Mathew Masonwells

Personal information
- Nationality: Australian
- Born: 26 June 1986 (age 40) Alexandra Hills, Queensland

Sport
- Country: Australia
- Sport: Archery
- Event: Men's recurve

Medal record
Archery
Representing Australia
Commonwealth Games
| Gold medal – first place | 2010 Delhi | Men's Team |

= Mathew Masonwells =

Australian archer (born 1986)

Mathew Masonwells (born 26 June 1986) is an archer from Australia. Originally from Queensland, he has moved to the Australian Capital Territory. He started in archery when he was thirteen years old. He had a scholarship with the Australian Institute of Sport. He was named to the Australian archery shadow Olympic team for the 2012 Summer Olympics and participated in team training camps.

==Personal==
Masonwells is from Alexandra Hills, Queensland. He moved to the Australian Capital Territory to live closer to Karina Wallace-Bourne, his girlfriend who is a teacher. In Brisbane, he finished a course as an apprentice carpenter. His parents are proud of his archery accomplishments.

==Archery==
Masonwells started in the sport he was thirteen years old, "when his father made him a timber bow to take to a medieval fair and he couldn't resist continuing to use it at his grandparents' farm." Between shooting rounds, he likes to listen to the Australian band, Hilltop Hoods.

In 2002, he was part of the Australian team that competed at the World Junior Championships in the cadet male recurve event.

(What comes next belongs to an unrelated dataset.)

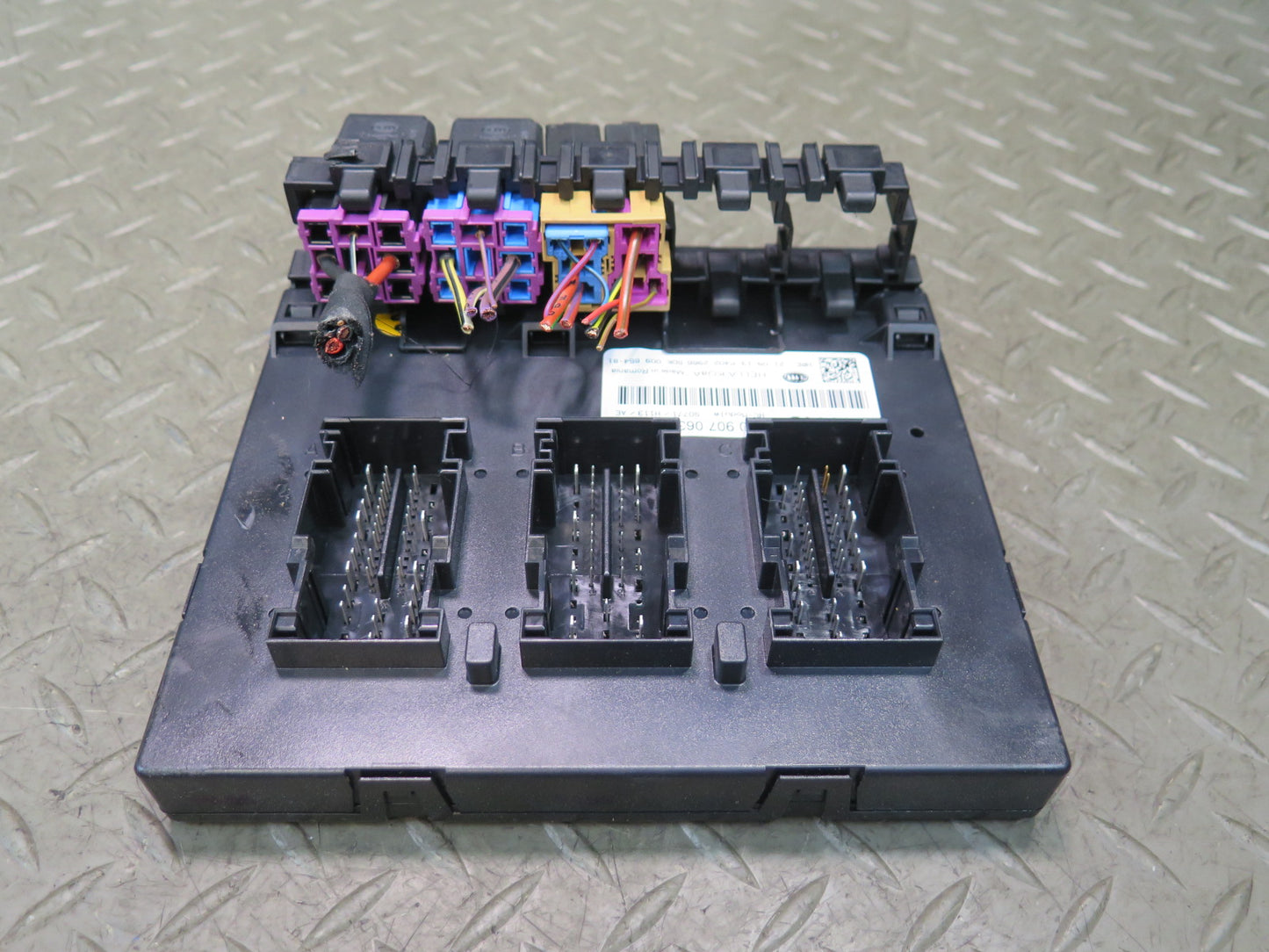 2014 Audi TT S 8J Coupe Onboard Supply Control Module 8P0907063AE OEM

In October 2009, Masonwells finished third at the Melbourne hosted Australian Open. At the invitation only competition, he was scouted by Simon Fairweather of the Australian Institute of Sport (AIS). Fairweather offered him a part-time scholarship at AIS which he accepted. He earned a full-time scholarship in March 2010.

As a twenty-four-year-old, he represented Australia at the 2010 Commonwealth Games. He competed in the men's recurve archery team event where he took home a gold medal with a team score of 219, defeating Malaysia who were ranked third in the world at the time and had an event score of 212. He also competed in the individual event on the final day of the competition. In the quarter-finals, he went up against Indian Rahul Banerjee. At the Games, he was coached by Simon Fairweather.

In September 2011, Masonwells was named to the Australian archery shadow Olympic team. He attended a national team training camp in Canberra in September 2011 and March 2012. At the 2012 National Target Archery Championships, he finished fifth as a member of SQAS. In March at the 2012 Olympic Games Nomination Shoot Results, he finished fifth with a score of 2571. In May 2012, he participated in a training camp in Buderim. He was invited to the camp because Sky Kim had other commitments and could not make it. As of May 2012, he had not qualified for the 2012 Summer Olympics. To make the Games, he needed to qualify at the World Cup event in Ogden, Utah.